- About: Private equity & venture capital research reports, 4 employees
- Before: Walter was on-call anytime someone wanted to update the CMS
- After: Any member of the Sacra team can access up-to-date how-to guides
Sacra isn’t Walter Chen’s first rodeo. As a three-time founder, he knows that the first rule of startups is anything that can do wrong will go wrong.
When Walter was building the early founding team at Sacra, he knew that good knowledge sharing was going to be key, and that his team would need to embrace new ways of working.
“When I started Sacra, we had huge “bus factor”, meaning if one person was out things could grind to a halt. We spent a lot of time on knowledge sharing.”
One of the most important parts of Sacra’s tech stack is its Content Management System. As a media company, Sacra’s business line depends not only on high-quality content but also on delivering that content to its users reliably.
“Someone would accidentally change a parameter and the whole blog post would break. If you hadn’t set up the system it was really hard to know what was wrong with it.”

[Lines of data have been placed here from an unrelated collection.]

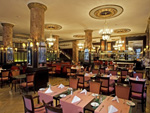 Danubius Hotel Astoria Budapest
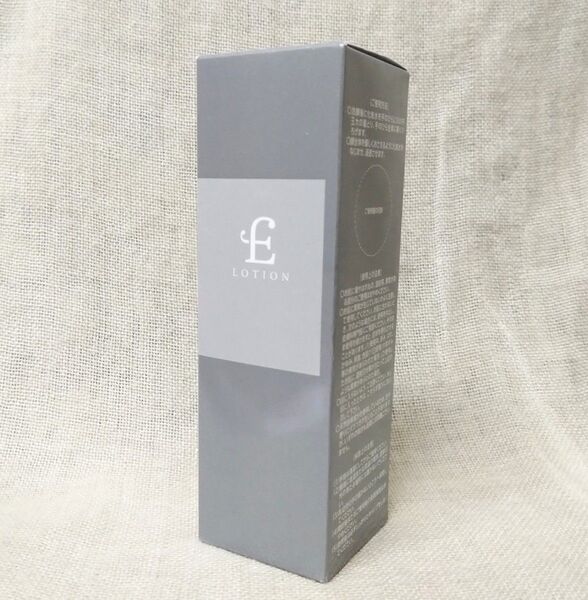 (新品未使用) ETERNAM エテルナム ローション (化粧水) 100ml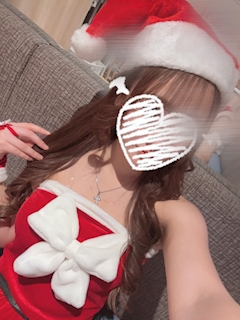 プロフィール写真3・りお☀️｜amour・アムール - 名古屋 金山のキャバクラ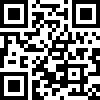 https://khabaronline.ir/xpLLm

That’s why Walter started making how-to guides using Driveway. As a busy CEO, he needed a tool that wasn’t just good at sharing information, but also good at capturing it really quickly.
"With Driveway’s Chrome Extension, I just click a button, do my process, and I have my document. It has screenshots, descriptions of what I click, even any keystrokes I type. It's one of my favorite tools for remote team collaboration.”
Walter chooses to export his Driveway guides to Notion, where the team keeps their knowledge base, for easy knowledge sharing when needed.
“Our CMS releases lots of features - now it’s really easy to update the screenshots now. With Driveway, I know my team is going to have the up-to-date process documentation they need to do their job, no matter what comes up.”